L'esprit dans l'histoire: Recherches et curiosités sur les mots historiques
LII
L'on a douté quelquefois de la réalité du mot si chevaleresque, si français, c'est tout dire, que M. le comte d'Auteroches, lieutenant des grenadiers, adressa à lord Charles Hay et à ses gardes anglaises, le jour de la bataille de Fontenoy: Messieurs les Anglais, tirez les premiers. M. Alexis de Valon, quoiqu'il soit de ceux qui doutent, en a fait, dans un article de la Revue des Deux-Mondes[553], l'objet d'une chaleureuse digression tout à l'honneur des vaillantes vertus de l'ancienne armée de France.

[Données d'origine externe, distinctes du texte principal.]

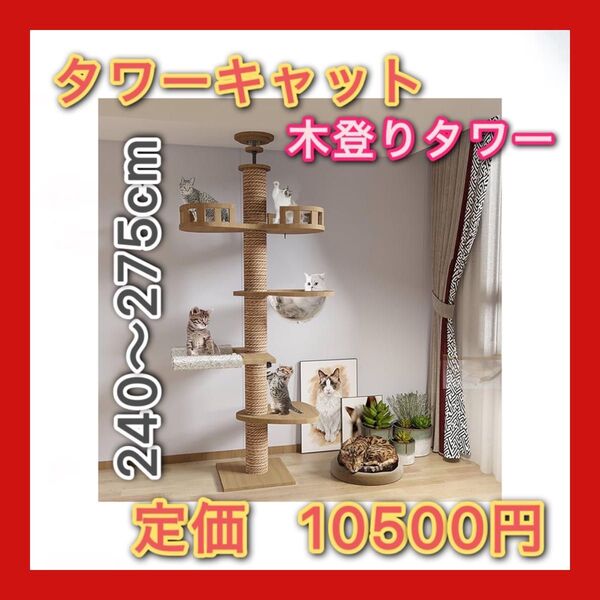 タワーキャット,木登りタワー 宇宙船ハンモック付き シングル キャットタワー 突っ張り 猫タワー 省スペース,スリム 爪とぎ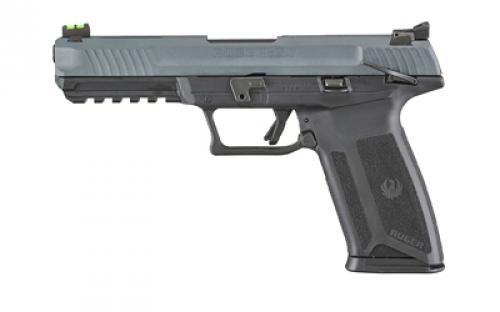 Ruger 57, Double Action, Semi-automatic, Polymer Frame Pistol, Full Size, 5.7X28MM, 4.94" Barrel, Cerakote Finish, Cobalt Kinetic Slate Blue, Fiber Optic Front and Adjustable Rear Sights, Ambidextrous Manual Safety, 20 Rounds, 2 Magazines, Ambidextrous 16409
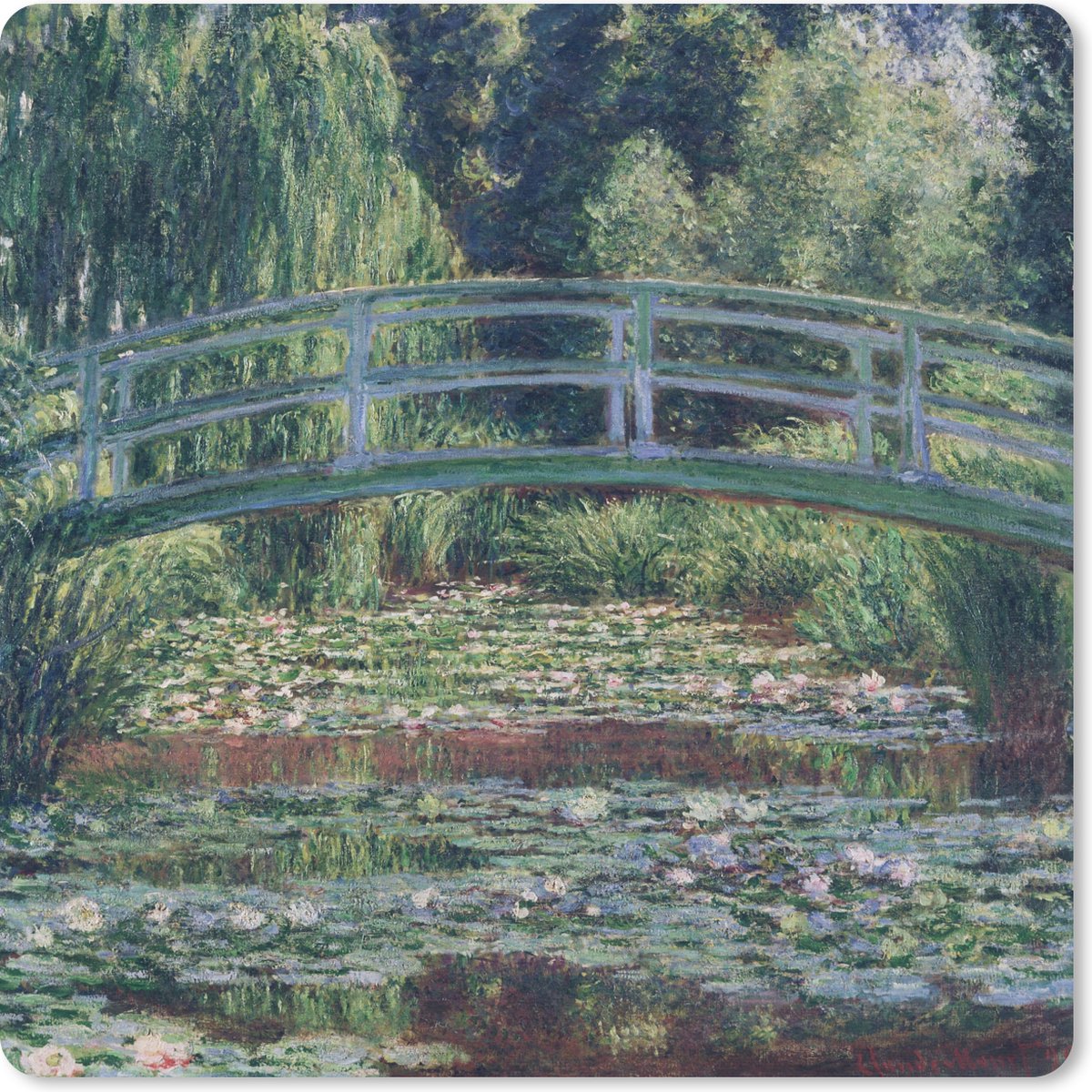 Muismat 30x30 cm - Mousepad De Japanse brug en de waterlelies - Claude Monet - Muismatten
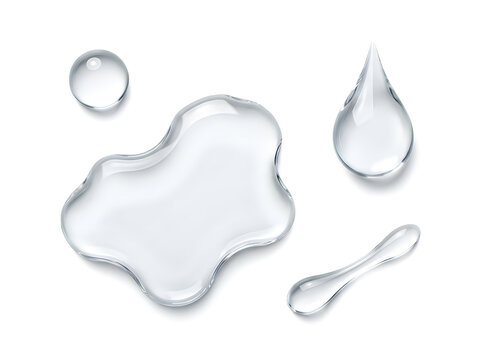 Water droplets and liquid shapes in isolated white background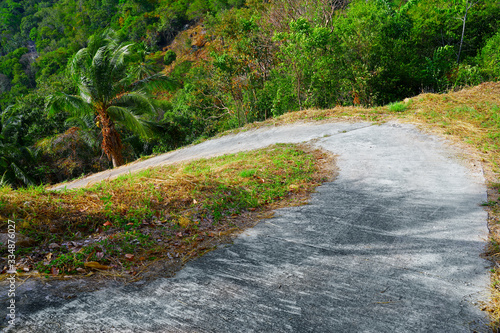 Fototapeta Naklejka Na Ścianę i Meble -  Tropical country road mountain serpantin. The road swing in the rain forest.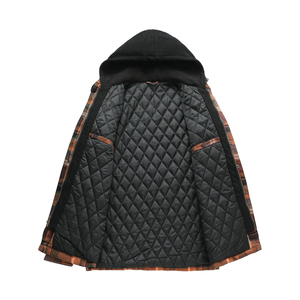 Men's Hoodies For Winter Wear Plaid Button-Up & Zipper Lining for Warmth and Comfortable Flannel Hoodies - Product Image 3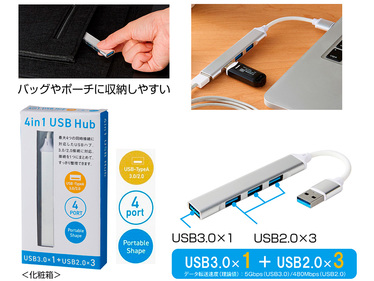 便利な4in1USBハブ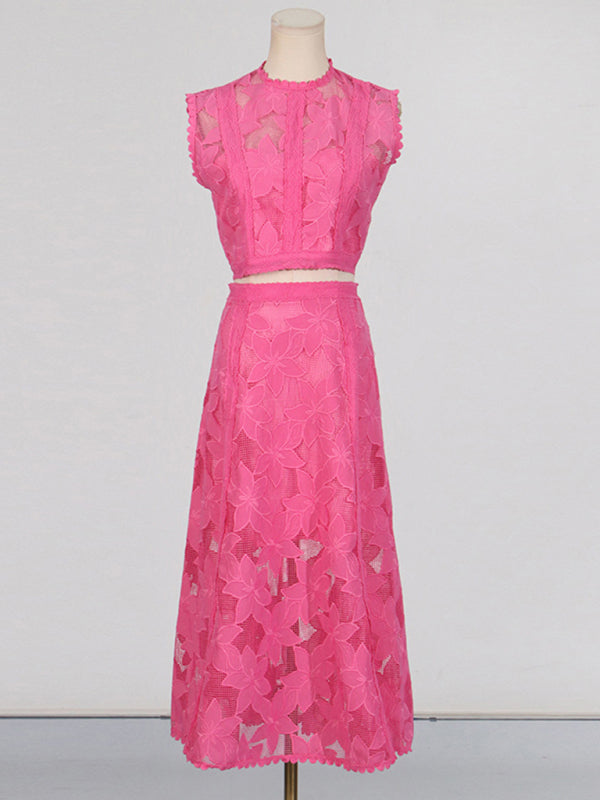 Women's Round Neck Sleeveless Top + High Waist Embroidered Skirt Set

Quant à moi, je tiens le mot de M. d'Auteroches pour très authentique, surtout si on le ramène à l'exacte réalité. Les deux troupes sont en présence. Lord Hay crie en s'avançant hors des rangs: «Messieurs les gardes françaises, tirez.» M. d'Auteroches alors va à sa rencontre, et le saluant de l'épée: «Monsieur, lui dit-il, nous ne tirons jamais les premiers; tirez vous-mêmes[554].»
[553] Numéro du 1er fév. 1851.
[554] Le marquis de Valfons, dans ses Souvenirs, Paris, E. Dentu, 1860, in-18, p. 143, raconte ainsi le fait dont il avait été témoin: «Cet engagement se fit à distance si rapprochée que les officiers anglais, au moment d'arrêter leur troupe, nous saluèrent le chapeau à la main; les nôtres ayant répondu de même à cette courtoisie, un capitaine des gardes anglaises, qui était lord Charles Hay, sortit de son rang et s'avança. Le comte d'Auteroches, lieutenant des grenadiers, se porta alors au-devant de lui. «Monsieur, dit le capitaine, faites donc tirer vos gens.—Non, Monsieur, répondit d'Auteroches, nous ne tirons jamais les premiers.» Et s'étant de nouveau salués, ils rentrèrent chacun à son rang. Le feu des Anglais commença aussitôt, et d'une telle vivacité, qu'il nous en coûta plus de mille hommes du coup, et qu'il s'ensuivit un grand désordre.»
Or, c'était de tradition dans l'armée: on laissait toujours, par courtoisie, l'avantage du premier feu à l'ennemi.
Ici la nation qui a établi cet usage chevaleresque n'a pas droit à moins d'honneur que l'officier qui l'a si bien mis en pratique.
M. d'Auteroches n'est pas célèbre que par ce mot-là. C'est lui qui dit encore, à propos du siège de Maëstricht, à quelqu'un qui prétendait que la ville était imprenable: «Ce mot-là, Monsieur, n'est pas français[555].» C'est ce qu'on a dit depuis pour impossible.
[555] Je doute cependant un peu de l'anecdote; je ne la trouve que dans un livre assez peu sûr: Paris, la Cour et les Provinces, par Dugast-Dubois de Saint-Just (t. Ier, p. 6). Je n'ai pas la moindre confiance dans ce recueil, depuis que j'y ai trouvé (t. II, p. 53-54) certaine anecdote sur le mot ZESTE du Dictionnaire de Richelet, dont j'ai démontré sans peine la fausseté dans une note des Variétés histor. et littér., t. IX, p. 20.—J'ajouterai que d'ailleurs l'anecdote sur imprenable courait avant M. d'Auteroches et le siège de Maëstricht. Dans un recueil ms. de la Biblioth. nation., fs fr., nº 10434, fol. 18, je la trouve attribuée au duc de Bourbon, en 1744, devant une place du Piémont.